13. Subpart K is added to read as follows:End Amendment Part Start Part
PART 648—FISHERIES OF THE NORTHEASTERN UNITED STATESEnd Part
(a) The Atlantic Herring Plan Development Team (PDT) shall meet at least annually, but no later than July, with the Atlantic States Marine Fisheries Commission's (Commission) Atlantic Herring Plan Review Team (PRT) to develop and recommend the following specifications for consideration by the New England Fishery Management Council’s Atlantic Herring Oversight Committee: Optimum yield (OY), domestic annual harvest (DAH), domestic annual processing (DAP), total foreign processing (JVPt), joint venture processing (JVP), internal waters processing (IWP), U.S. at-sea processing (USAP), border transfer (BT), total allowable level of foreign fishing (TALFF), and reserve (if any). The PDT and PRT shall also recommend the total allowable catch (TAC) for each management area and sub-area. Recommended specifications shall be presented to the New England Fishery Management Council (Council)
(b) Guidelines. As the basis for its recommendations under paragraph (a) of this section, the PDT shall review available data pertaining to: commercial and recreational catch data; current estimates of fishing mortality; stock status; recent estimates of recruitment; virtual population analysis results and other estimates of stock size; sea sampling and trawl survey data or, if sea sampling data are unavailable, length frequency information from trawl surveys; impact of other fisheries on herring mortality; and any other relevant information. The specifications recommended pursuant to paragraph (a) of this section must be consistent with the following:
(1) OY must be equal to or less than the allowable biological catch (ABC) minus an estimate of the expected Canadian NB fixed gear and GB herring catch, which shall not exceed 20,000 mt for the NB fixed gear harvest and 10,000 mt for the Canadian GB harvest.
(2) OY shall not exceed maximum sustainable yield (MSY), unless an OY that exceeds MSY in a specific year is consistent with a control rule that ensures the achievement of MSY and OY on a continuing basis; however, OY shall not exceed MSY prior to the 2001 fishing year.
(3) Factors to be considered in assigning an amount, if any, to the reserve shall include:
(i) Uncertainty and variability in the estimates of stock size and ABC;
(ii) Uncertainty in the estimates of Canadian harvest from the coastal stock complex;
(iii) The requirement to insure the availability of herring to provide controlled opportunities for vessels in other fisheries in the Mid-Atlantic and New England;
(iv) Excess U.S. harvesting capacity available to enter the herring fishery;
(v) Total world export potential by herring producer countries;
(vi) Total world import demand by herring consuming countries;
(vii) U.S. export potential based on expected U.S. harvests, expected U.S. consumption, relative prices, exchange rates, and foreign trade barriers;
(viii) Increased/decreased revenues to U.S. harvesters (with/without joint ventures);
(ix) Increased/decreased revenues to U.S. processors and exporters; and
(x) Increased/decreased U.S. processing productivity.Start Printed Page 77468
(4) Adjustments to TALFF, if any, will be made based on updated information relating to status of stocks, estimated and actual performance of domestic and foreign fleets, and other relevant factors.
(c) The Atlantic Herring Oversight Committee shall review the recommendations of the PDT and shall consult with the Commission's Herring Section.
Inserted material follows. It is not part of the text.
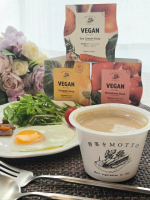 💐Thank you💐＼＼もっと手軽に！もっと気軽にお野菜を！／／｢もっと手軽にもっと野菜をもっと毎日に｣野菜をMATTOシリーズから動物性食材を使わず、国産野菜と植物素材だけで作られた&hellip;のInstagram画像
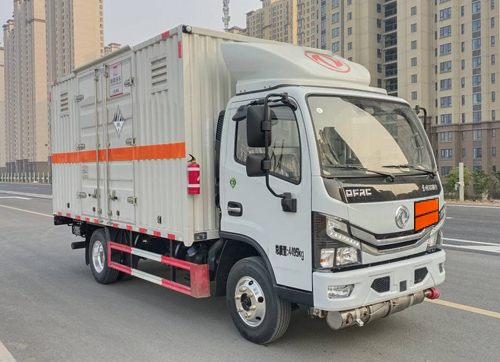 襄鑫鼎牌XDV5041XZWEQ6雜項(xiàng)危險(xiǎn)物品廂式運(yùn)輸車公告圖片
Based on these recommendations and any public comment received, the Herring Oversight Committee shall recommend to the Council appropriate specifications. The Council shall review these recommendations and, after considering public comment, shall recommend appropriate specifications to NMFS. NMFS shall review the recommendations, consider any comments received from the Commission and, on or about September 15, shall publish notification in the Federal Register proposing specifications and providing a 30-day public comment period. If the proposed specifications differ from those recommended by the Council, the reasons for any differences shall be clearly stated and the revised specifications must satisfy the criteria set forth in this section.
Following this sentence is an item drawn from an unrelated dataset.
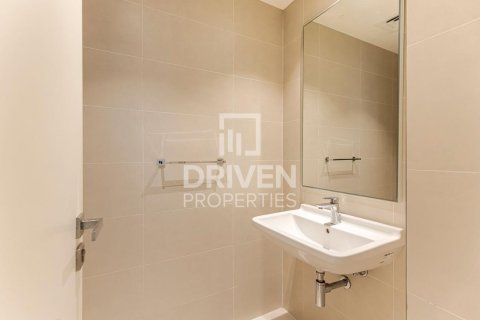 Apartment in Jumeirah, Dubai, UAE 2 bedrooms, 120 sq.m. № 655449 - photo 13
(d) On or about November 1 of each year, NMFS shall make a final determination concerning the specifications for Atlantic herring. Notification of the final specifications and responses to public comments shall be published in the Federal Register. If the final specification amounts differ from those recommended by the Council, the reason(s) for the difference(s) must be clearly stated and the revised specifications must be consistent with the criteria set forth in paragraph (b) of this section. The previous year's specifications shall remain effective unless revised through the specification process. NMFS shall issue notification in the Federal Register if the previous year's specifications will not be changed.
(e) In-season adjustments. (1) The specifications and TACs established pursuant to this section may be adjusted by NMFS, after consulting with the Council, during the fishing year by publishing notification in the Federal Register stating the reasons for such action and providing an opportunity for prior public comment. Any adjustments must be consistent with the Atlantic Herring FMP objectives and other FMP provisions.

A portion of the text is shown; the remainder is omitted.